For whatever it’s worth, earlier this year Davacord was named the 2005 Member’s Choice Winner for the industry’s best recording and quality monitoring tools by ContactCenterWorld.com. The award was tabulated by the highest number of votes from actual users of call recording and quality monitoring products who rated nominated companies on the quality of their products, ongoing support and overall satisfaction.

IEX Corporation, a Tekelec company and Keynomics LLC have announced a partnership where IEX will offer its customers Talk, Type, Listen, a contact center agent productivity training program designed to enhance agent computer keyboarding and transcription skills.

The offering is developed by Keynomics and is provided as a Web-based hosted program accessed via the WebStation Plus module available with the IEX TotalView Workforce Management system.
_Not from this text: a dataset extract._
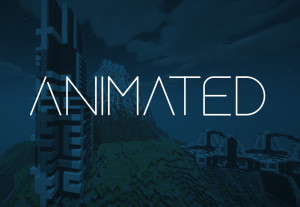 Tải về Animated  1.0 cho Minecraft 1.18.1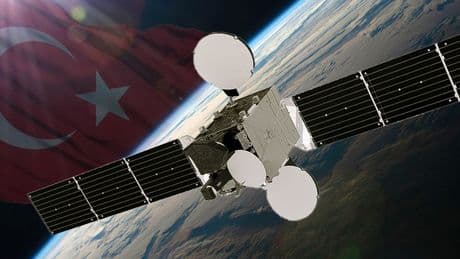 Türksat 6A'da tarihi adım! İlk ihracat gerçekleştirildi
The training is designed to deliver permanent improvements in contact center productivity, quality and ergonomics in terms of how an agent interfaces simultaneously with the caller and the agent’s computer.

IEX sells workforce management and optimization technology for contact centers. Keynomics sells productivity and quality software for improving corporate keyboarding and office ergonomic techniques.

Dow Jones is reporting that “the call-center business in the Philippines will continue to grow robustly in the coming years, albeit at a slower pace than that of the past five years,” citing Bong Borja, president of PeopleSupport Inc. and a director of the Call Center Association of the Philippines.

Borja recently told a business forum that the industry is expected to grow seat capacity by 50 percent to 70 percent this year after ending 2004 with a total of 45,000 agent seats, equivalent to 72,000 jobs. In 2000 “this sector of the business process outsourcing industry had a capacity of 2,000 seats and employed 3,000 agents,” Dow Jones reports.